I think about these shifts and changes daily; some days, it feels like a gentle breeze blowing through, and other days it feels like gale force winds tossing me about. Today, the breezes were easy going, however, the thoughts in my head were related to feeling like I am plop in the middle of the in between.
The air that sits between the letting go and the landing in a new spot.
It doesn’t feel like SPACE in between, really. SPACE would give it an empty feel. It seems like air, because the whole time, I am taking in and letting out breath. I am designing and creating and authoring my life every step of the way. And, the in betweens are not areas that I have previously enjoyed being in. As a matter of fact, I have done everything within my power in days past to not have any in between time. If I know an ending is coming, I must have the next beginning lined up. Neat and no lines in between. One continuous track.

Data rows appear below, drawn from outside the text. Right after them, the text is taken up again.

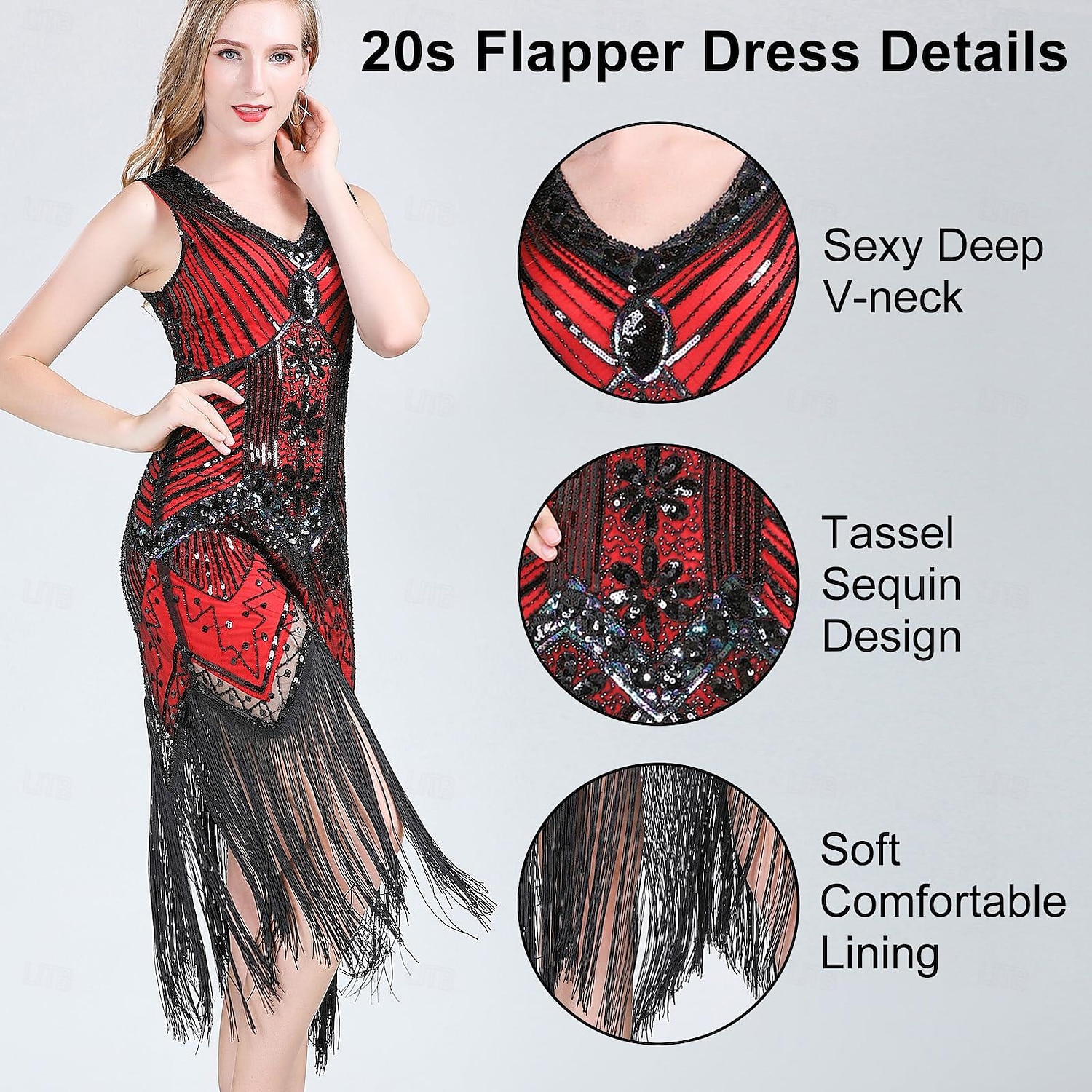 Set Anni Ruggenti Anni 1920 Lunghezza al ginocchio Vestito Abito Flapper Abiti con accessori Senza maniche Il grande Gatsby Charleston Invitato al matrimonio Paillettes Frangia con nappe Piuma Scollo del 2026 a $77.99 –P11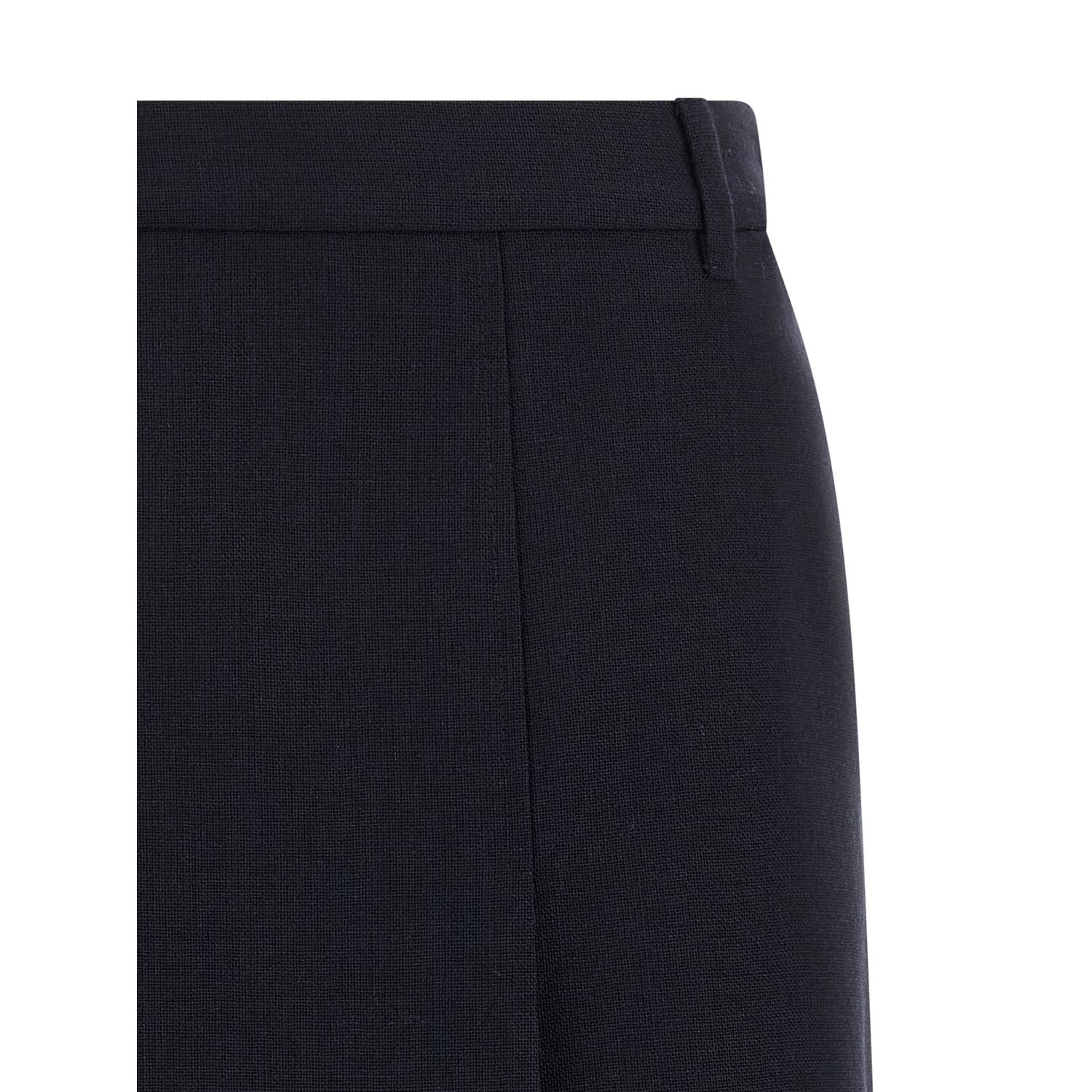 Prada Blue Virgin Wool Midi Skirt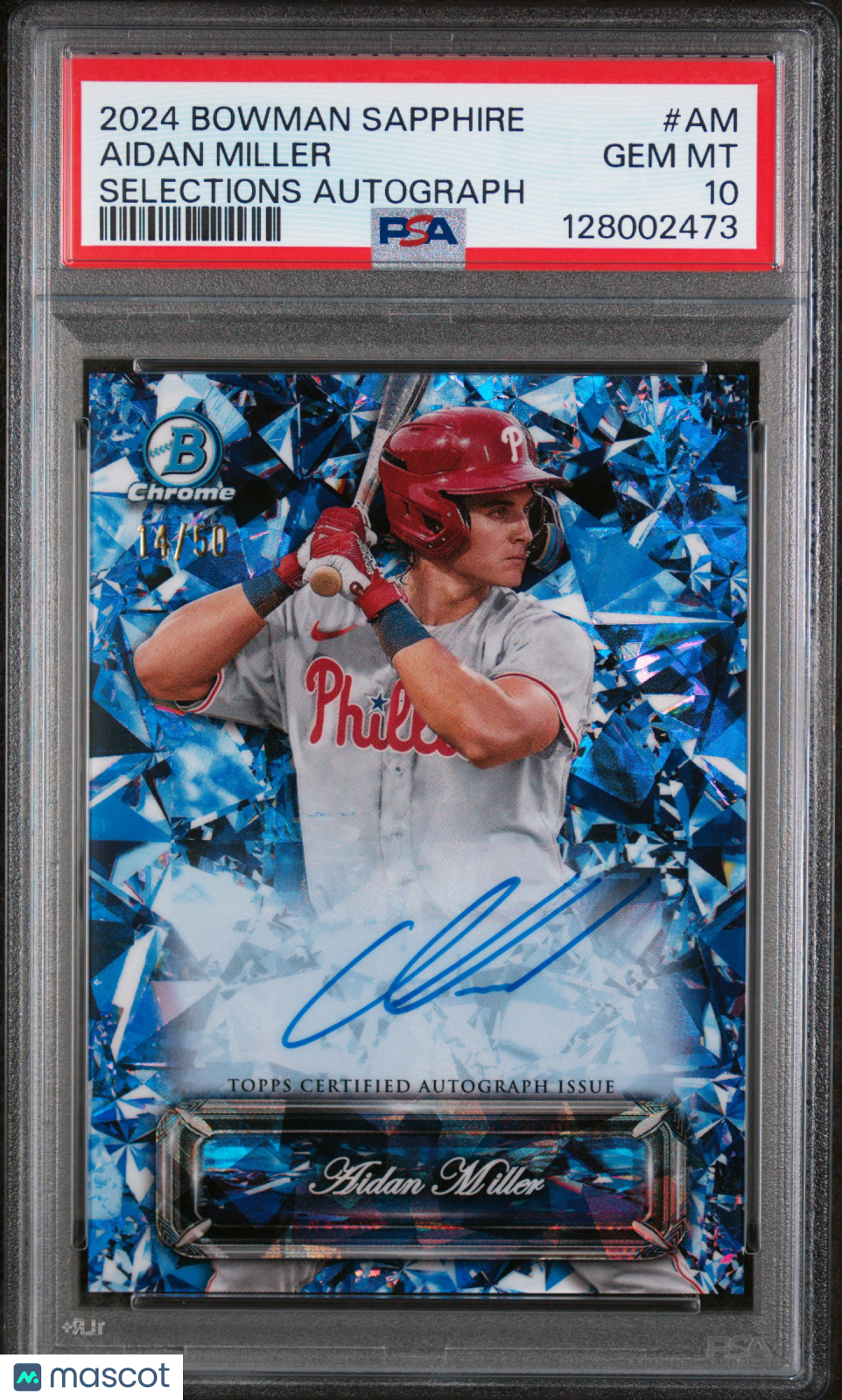 AIDAN MILLER 2024 Bowman Sapphire Edition Selections Auto /50 PSA 10 Phillies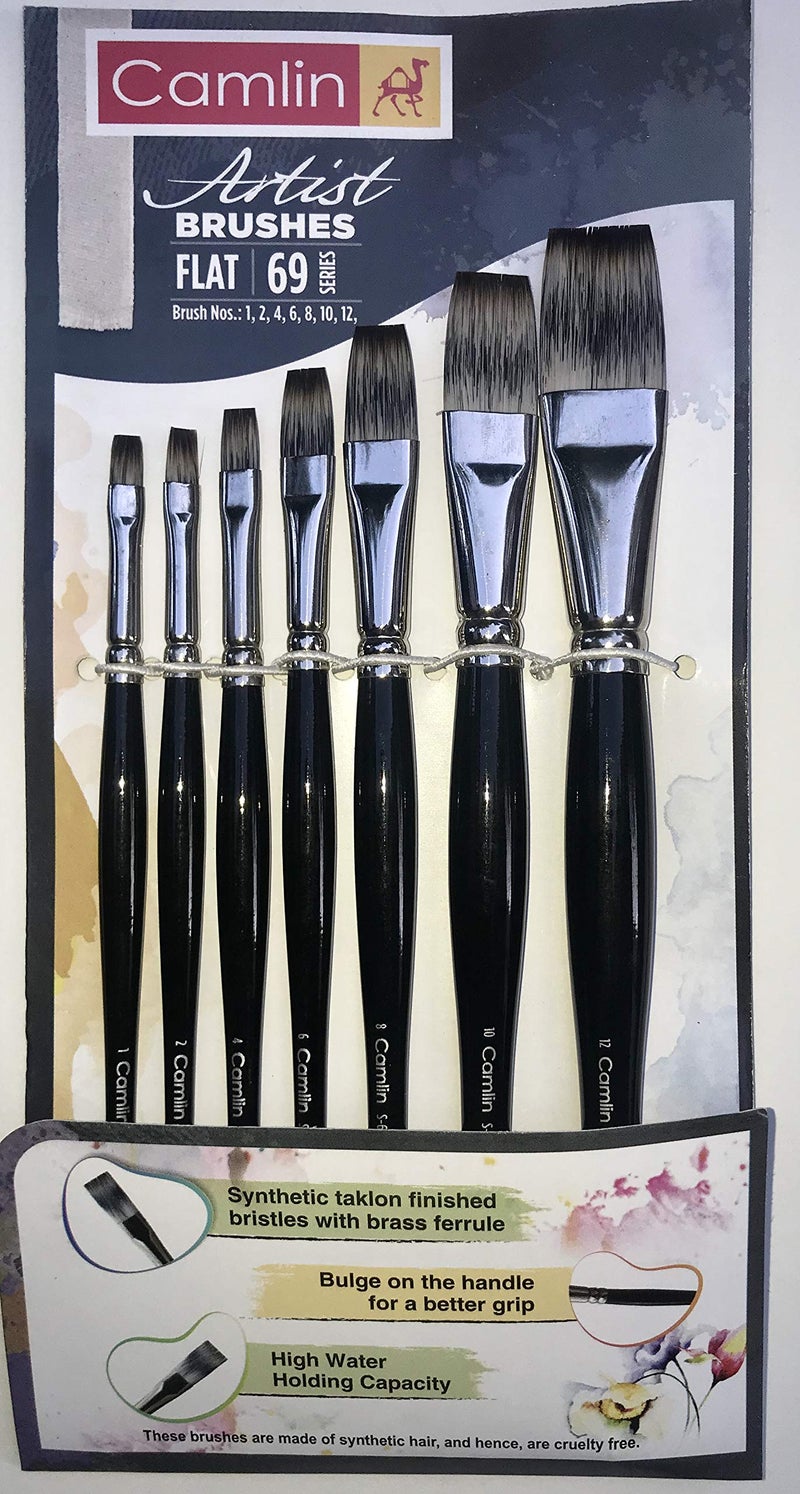 Camlin Kokuyo Artist Paint Brush Series 69 - Flat Synthetic taklon, Set of 7 by Anmol Art & Frames - Image 3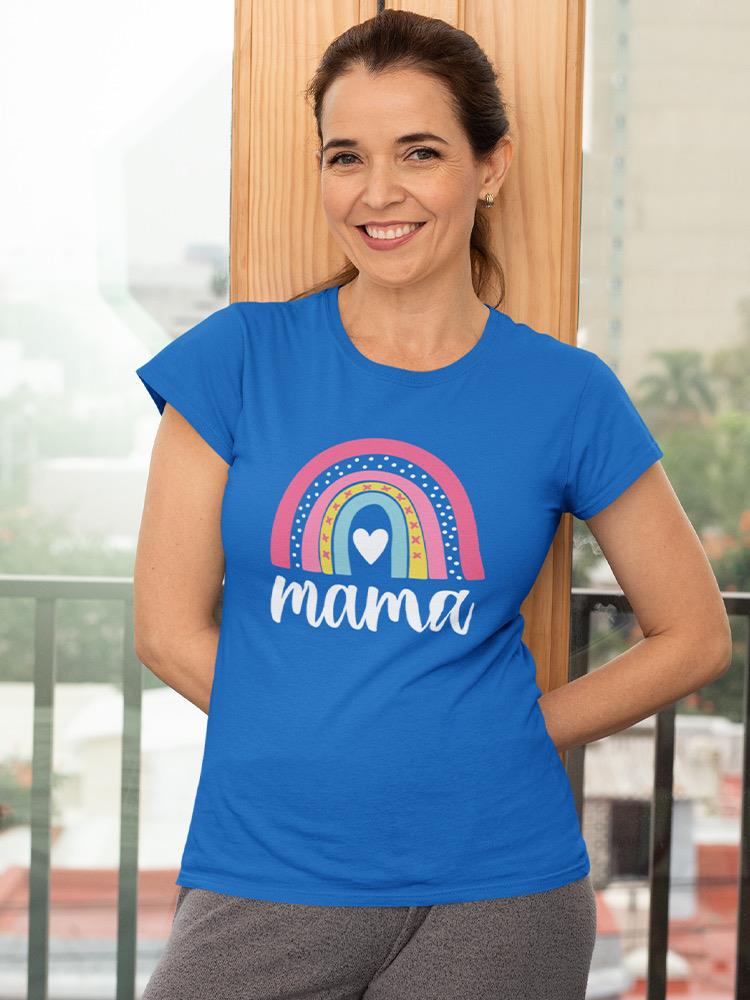 Mama And Rainbow Tee Women's -SmartPrintsInk Designs
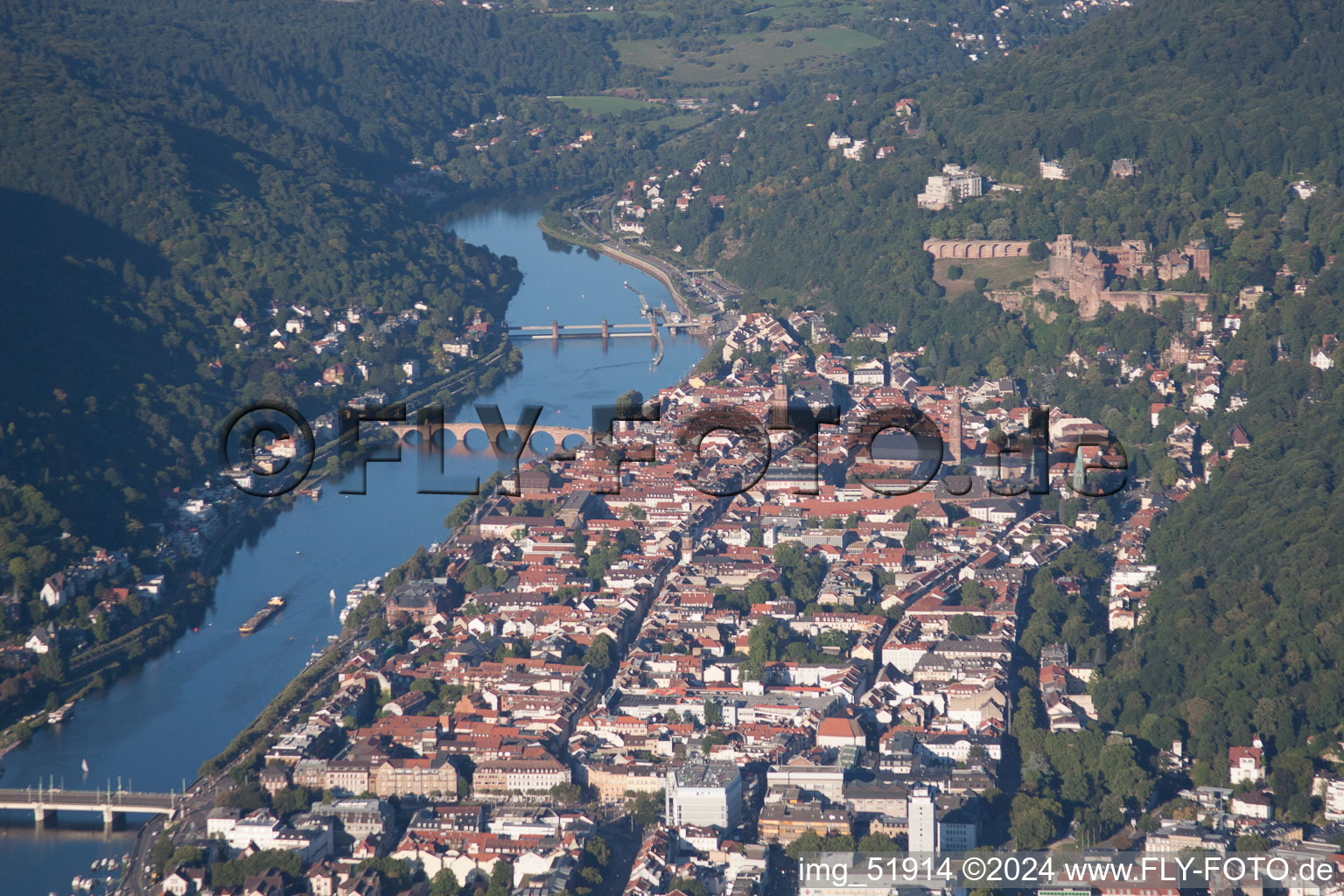 Village on the banks of the area Neckar river course in Heidelberg in the state Baden-Wurttemberg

I have never actively chosen to be in between, after letting go, and long before the next landing is happening. There is so much work that has to happen in between. And, in moments like this morning, I feel awe and surprise at my lack of panic about it. There is a hint of fear, however, I won’t even give that but the slightest amount of time. What I feel is peace, surprise, and awe. Awe that I am shifting my thinking, and my heart, and actively living my life in a different way.
And the air, the air here, between letting go and landing, is sweet and fresh. I could get used to this….. for now.